Captioned web images:
○ ○ ○

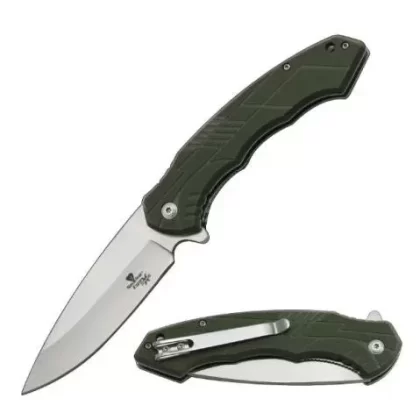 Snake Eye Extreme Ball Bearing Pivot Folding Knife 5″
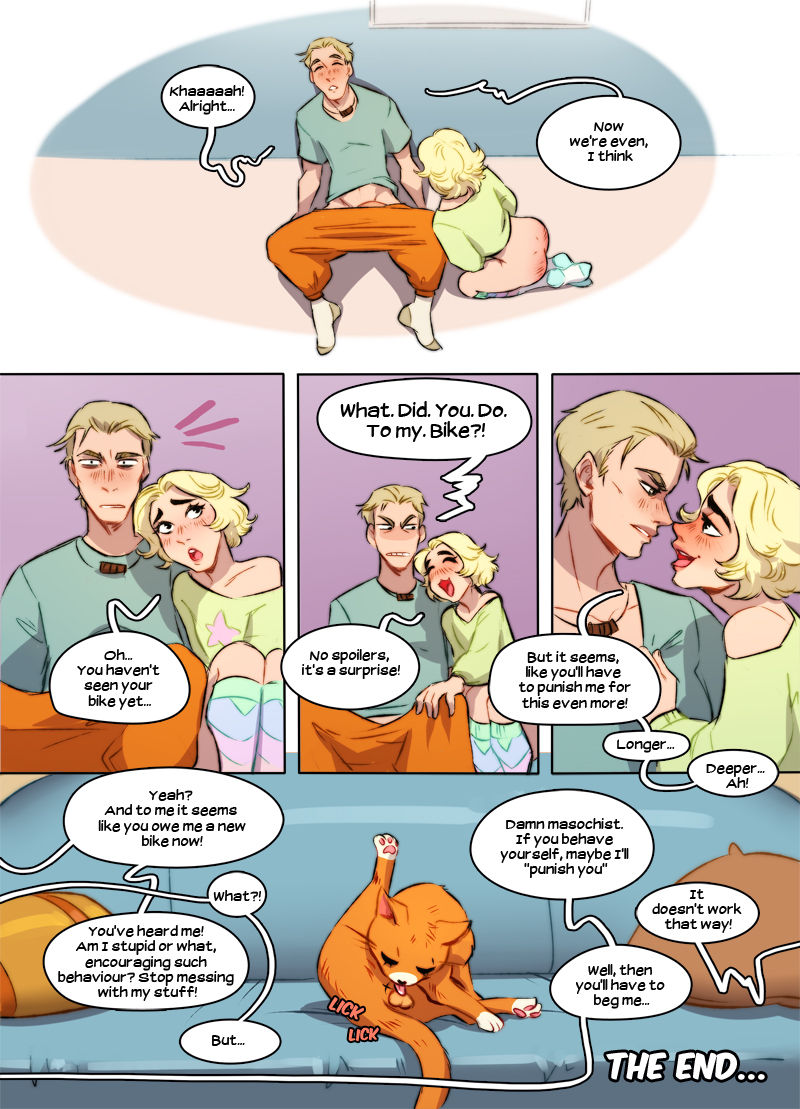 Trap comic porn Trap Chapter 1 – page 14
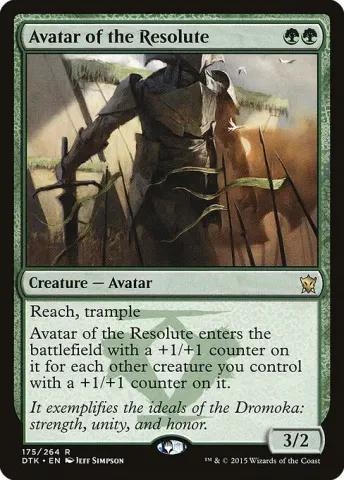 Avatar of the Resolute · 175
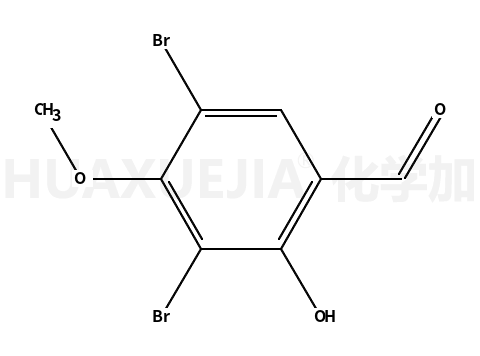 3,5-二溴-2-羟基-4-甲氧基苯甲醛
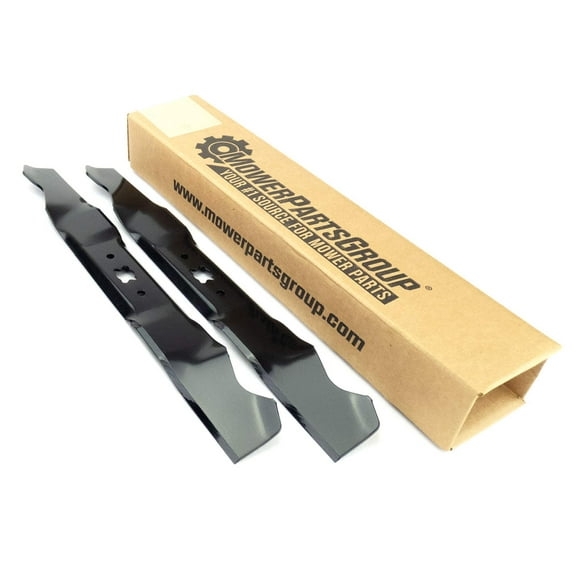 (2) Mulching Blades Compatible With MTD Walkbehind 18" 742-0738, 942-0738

○ ○ ○

Work required: Your answer must be the lines from the one holding "Avatar of the Resolute · 175" through the final line of the records above, exactly as written and without any pictures.

Answer for the task:
 Avatar of the Resolute · 175
 3,5-二溴-2-羟基-4-甲氧基苯甲醛
 (2) Mulching Blades Compatible With MTD Walkbehind 18" 742-0738, 942-0738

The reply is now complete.